• **Directions**
Set down nothing except the lines starting at the one with "Unisex cipő adidas" and ending at the final line of the material, each word for word.

• **Supplied data**
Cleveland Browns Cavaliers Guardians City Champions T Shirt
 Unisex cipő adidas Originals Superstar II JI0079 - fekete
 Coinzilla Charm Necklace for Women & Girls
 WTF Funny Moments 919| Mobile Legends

• **Solution to this exercise**
 Unisex cipő adidas Originals Superstar II JI0079 - fekete
 Coinzilla Charm Necklace for Women & Girls
 WTF Funny Moments 919| Mobile Legends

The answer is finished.